**Stored data**:
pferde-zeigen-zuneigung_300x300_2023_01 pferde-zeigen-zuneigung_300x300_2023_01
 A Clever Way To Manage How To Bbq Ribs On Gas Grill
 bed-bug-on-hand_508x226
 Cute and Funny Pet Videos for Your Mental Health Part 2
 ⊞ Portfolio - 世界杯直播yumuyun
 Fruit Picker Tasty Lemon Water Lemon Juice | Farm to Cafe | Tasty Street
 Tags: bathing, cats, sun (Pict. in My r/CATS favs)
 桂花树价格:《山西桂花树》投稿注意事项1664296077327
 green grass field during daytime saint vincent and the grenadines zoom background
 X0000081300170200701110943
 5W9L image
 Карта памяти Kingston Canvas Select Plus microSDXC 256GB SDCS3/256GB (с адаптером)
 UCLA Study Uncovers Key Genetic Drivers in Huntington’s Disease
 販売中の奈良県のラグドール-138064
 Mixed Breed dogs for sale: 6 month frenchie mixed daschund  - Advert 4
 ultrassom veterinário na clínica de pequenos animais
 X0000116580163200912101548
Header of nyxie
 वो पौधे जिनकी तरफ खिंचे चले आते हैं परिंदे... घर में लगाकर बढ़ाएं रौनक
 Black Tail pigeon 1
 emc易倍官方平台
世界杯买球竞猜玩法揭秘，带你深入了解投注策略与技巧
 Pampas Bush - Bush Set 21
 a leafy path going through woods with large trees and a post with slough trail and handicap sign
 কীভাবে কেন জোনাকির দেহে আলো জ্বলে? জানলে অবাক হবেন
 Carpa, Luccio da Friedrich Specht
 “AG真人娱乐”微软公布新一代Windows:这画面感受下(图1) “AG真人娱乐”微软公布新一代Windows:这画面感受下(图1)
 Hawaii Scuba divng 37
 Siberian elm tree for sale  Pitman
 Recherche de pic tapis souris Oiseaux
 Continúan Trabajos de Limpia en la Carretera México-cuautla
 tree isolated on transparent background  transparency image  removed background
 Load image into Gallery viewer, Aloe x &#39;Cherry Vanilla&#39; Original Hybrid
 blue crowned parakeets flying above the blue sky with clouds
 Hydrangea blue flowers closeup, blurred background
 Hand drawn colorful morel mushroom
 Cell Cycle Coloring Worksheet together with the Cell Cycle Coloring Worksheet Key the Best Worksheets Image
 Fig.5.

**Exercise requirements**: If a line in the records contains the word "sale", copy it.

**Answer space**:
 Mixed Breed dogs for sale: 6 month frenchie mixed daschund  - Advert 4
 Siberian elm tree for sale  Pitman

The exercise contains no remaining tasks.